This paper identifies temporal imbalance as a previously overlooked source of bias in class-incremental learning (CIL) and proposes the Temporal-Adjusted Loss (TAL), which dynamically downweights negative supervision for old classes via a temporally decaying memory kernel. TAL integrates in a plug-and-play manner and significantly alleviates catastrophic forgetting.

Background & Motivation

Core challenge of CIL: Models must learn new classes sequentially without access to data from old classes, leading to catastrophic forgetting and severe prediction bias toward new classes.

Background: Mainstream methods (Balanced Fine-tuning, Prototype-based Classifiers, Output Layer Calibration) attribute prediction bias to class imbalance between old and new classes, applying corrections only at the classification head.

Limitations of Prior Work: Even when old classes have equal numbers of samples, classes whose positive samples appeared earlier accumulate more negative supervision during later training stages, yielding an asymmetry of high precision but low recall.

Key Challenge: The temporal ordering of training data in CIL introduces systematic bias that affects the entire model—including the backbone feature space—not merely the classification head.

Key illustration (Figure 1): In Task 2, classes A and B have identical sample counts, but class A's positive samples are concentrated in Task 0 while class B's are in Task 1. Class A suffers more severe forgetting, demonstrating that class balance alone cannot explain all prediction bias.
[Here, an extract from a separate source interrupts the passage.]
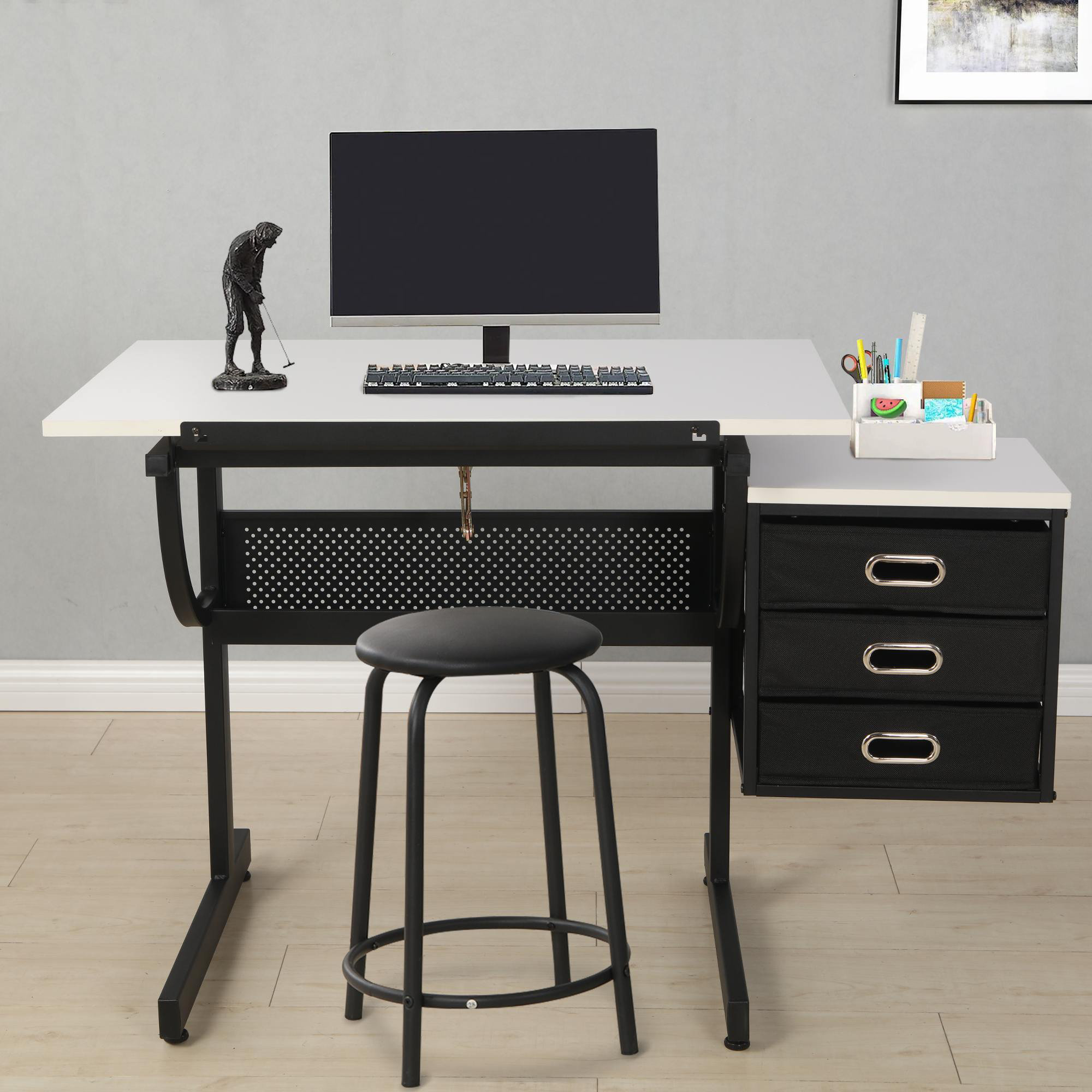 Inbox Zero Table de dessin et de dessin réglable avec tabouret Gwathney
Goal: Although temporal decay is widely used in time-series forecasting, reinforcement learning, and online learning, no prior CIL work explicitly models the temporal imbalance of positive and negative supervision at the loss level.

Method

Overall Architecture

The core mechanism of TAL: for each class \(k\), a temporal positive supervision intensity \(Q_k[N]\) is maintained and updated via an exponentially decaying memory kernel that tracks the recent positive supervision status of that class. The cross-entropy loss is then dynamically reweighted according to \(Q_k[N]\) to suppress negative supervision for old classes, preventing excessive inhibition.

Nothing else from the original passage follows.